_Records supplied_:
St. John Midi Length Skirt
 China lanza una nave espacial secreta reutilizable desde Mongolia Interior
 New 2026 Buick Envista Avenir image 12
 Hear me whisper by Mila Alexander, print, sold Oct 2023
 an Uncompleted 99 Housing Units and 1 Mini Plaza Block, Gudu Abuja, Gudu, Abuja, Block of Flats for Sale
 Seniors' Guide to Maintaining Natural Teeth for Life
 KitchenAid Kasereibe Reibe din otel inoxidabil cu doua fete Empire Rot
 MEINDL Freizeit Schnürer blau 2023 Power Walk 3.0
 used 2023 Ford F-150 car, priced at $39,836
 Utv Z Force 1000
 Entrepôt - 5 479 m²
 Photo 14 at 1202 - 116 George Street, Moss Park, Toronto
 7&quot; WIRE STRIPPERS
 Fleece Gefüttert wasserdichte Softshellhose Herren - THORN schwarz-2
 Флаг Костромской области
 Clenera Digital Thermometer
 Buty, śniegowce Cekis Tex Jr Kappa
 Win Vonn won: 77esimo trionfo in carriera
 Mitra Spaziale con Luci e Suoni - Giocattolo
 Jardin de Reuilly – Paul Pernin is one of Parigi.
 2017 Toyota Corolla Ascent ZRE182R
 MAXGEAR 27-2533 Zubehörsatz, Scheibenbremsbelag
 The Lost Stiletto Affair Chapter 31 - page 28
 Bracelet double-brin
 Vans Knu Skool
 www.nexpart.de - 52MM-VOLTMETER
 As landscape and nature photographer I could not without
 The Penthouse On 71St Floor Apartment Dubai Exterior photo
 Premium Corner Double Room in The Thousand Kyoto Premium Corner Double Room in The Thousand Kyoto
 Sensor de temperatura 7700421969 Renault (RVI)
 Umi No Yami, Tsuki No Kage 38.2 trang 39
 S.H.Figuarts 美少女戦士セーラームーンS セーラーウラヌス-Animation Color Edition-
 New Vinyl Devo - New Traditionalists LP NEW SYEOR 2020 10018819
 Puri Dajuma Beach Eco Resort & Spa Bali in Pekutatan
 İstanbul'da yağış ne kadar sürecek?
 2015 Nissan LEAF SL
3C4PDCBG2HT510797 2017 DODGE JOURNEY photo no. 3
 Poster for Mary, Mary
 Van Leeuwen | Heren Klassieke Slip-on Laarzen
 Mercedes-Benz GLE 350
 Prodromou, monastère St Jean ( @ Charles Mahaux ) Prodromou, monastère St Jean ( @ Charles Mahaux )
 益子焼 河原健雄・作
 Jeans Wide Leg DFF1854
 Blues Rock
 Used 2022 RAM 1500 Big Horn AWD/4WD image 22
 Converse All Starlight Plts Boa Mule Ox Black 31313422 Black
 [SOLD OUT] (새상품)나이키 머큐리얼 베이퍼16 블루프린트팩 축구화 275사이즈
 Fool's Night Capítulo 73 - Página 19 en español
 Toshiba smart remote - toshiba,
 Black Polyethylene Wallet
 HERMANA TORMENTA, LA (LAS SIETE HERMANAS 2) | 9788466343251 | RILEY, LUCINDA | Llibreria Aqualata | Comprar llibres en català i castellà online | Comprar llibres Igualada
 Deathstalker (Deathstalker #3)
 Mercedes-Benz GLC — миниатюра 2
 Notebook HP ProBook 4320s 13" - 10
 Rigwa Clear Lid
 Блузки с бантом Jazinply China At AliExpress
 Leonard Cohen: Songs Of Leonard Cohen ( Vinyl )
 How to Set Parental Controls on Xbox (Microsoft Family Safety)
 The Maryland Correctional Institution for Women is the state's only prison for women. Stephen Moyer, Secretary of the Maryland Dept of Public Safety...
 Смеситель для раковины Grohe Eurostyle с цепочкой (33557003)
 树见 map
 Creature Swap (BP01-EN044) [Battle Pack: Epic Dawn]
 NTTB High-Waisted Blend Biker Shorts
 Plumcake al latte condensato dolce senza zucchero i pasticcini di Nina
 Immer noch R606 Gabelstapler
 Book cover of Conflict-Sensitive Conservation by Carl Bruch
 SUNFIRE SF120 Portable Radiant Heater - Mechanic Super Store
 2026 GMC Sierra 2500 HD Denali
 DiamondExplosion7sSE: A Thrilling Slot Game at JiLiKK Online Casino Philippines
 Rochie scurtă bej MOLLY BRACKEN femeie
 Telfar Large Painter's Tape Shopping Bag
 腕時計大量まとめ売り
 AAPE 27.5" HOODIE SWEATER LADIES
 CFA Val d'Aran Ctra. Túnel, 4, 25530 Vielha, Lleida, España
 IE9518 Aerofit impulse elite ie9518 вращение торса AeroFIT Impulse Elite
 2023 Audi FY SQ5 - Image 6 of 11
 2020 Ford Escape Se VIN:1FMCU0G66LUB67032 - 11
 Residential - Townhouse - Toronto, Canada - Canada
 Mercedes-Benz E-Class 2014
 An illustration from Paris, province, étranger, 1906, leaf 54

_Task description_:
In the data above, find the line that contains "MAXGEAR 27-2533 Zubehörsatz, Scheibenbremsbelag" and the line that contains "How to Set Parental". Repeat exactly those lines and every line between them, and only those.

_Solved exercise_:
 MAXGEAR 27-2533 Zubehörsatz, Scheibenbremsbelag
 The Lost Stiletto Affair Chapter 31 - page 28
 Bracelet double-brin
 Vans Knu Skool
 www.nexpart.de - 52MM-VOLTMETER
 As landscape and nature photographer I could not without
 The Penthouse On 71St Floor Apartment Dubai Exterior photo
 Premium Corner Double Room in The Thousand Kyoto Premium Corner Double Room in The Thousand Kyoto
 Sensor de temperatura 7700421969 Renault (RVI)
 Umi No Yami, Tsuki No Kage 38.2 trang 39
 S.H.Figuarts 美少女戦士セーラームーンS セーラーウラヌス-Animation Color Edition-
 New Vinyl Devo - New Traditionalists LP NEW SYEOR 2020 10018819
 Puri Dajuma Beach Eco Resort & Spa Bali in Pekutatan
 İstanbul'da yağış ne kadar sürecek?
 2015 Nissan LEAF SL
3C4PDCBG2HT510797 2017 DODGE JOURNEY photo no. 3
 Poster for Mary, Mary
 Van Leeuwen | Heren Klassieke Slip-on Laarzen
 Mercedes-Benz GLE 350
 Prodromou, monastère St Jean ( @ Charles Mahaux ) Prodromou, monastère St Jean ( @ Charles Mahaux )
 益子焼 河原健雄・作
 Jeans Wide Leg DFF1854
 Blues Rock
 Used 2022 RAM 1500 Big Horn AWD/4WD image 22
 Converse All Starlight Plts Boa Mule Ox Black 31313422 Black
 [SOLD OUT] (새상품)나이키 머큐리얼 베이퍼16 블루프린트팩 축구화 275사이즈
 Fool's Night Capítulo 73 - Página 19 en español
 Toshiba smart remote - toshiba,
 Black Polyethylene Wallet
 HERMANA TORMENTA, LA (LAS SIETE HERMANAS 2) | 9788466343251 | RILEY, LUCINDA | Llibreria Aqualata | Comprar llibres en català i castellà online | Comprar llibres Igualada
 Deathstalker (Deathstalker #3)
 Mercedes-Benz GLC — миниатюра 2
 Notebook HP ProBook 4320s 13" - 10
 Rigwa Clear Lid
 Блузки с бантом Jazinply China At AliExpress
 Leonard Cohen: Songs Of Leonard Cohen ( Vinyl )
 How to Set Parental Controls on Xbox (Microsoft Family Safety)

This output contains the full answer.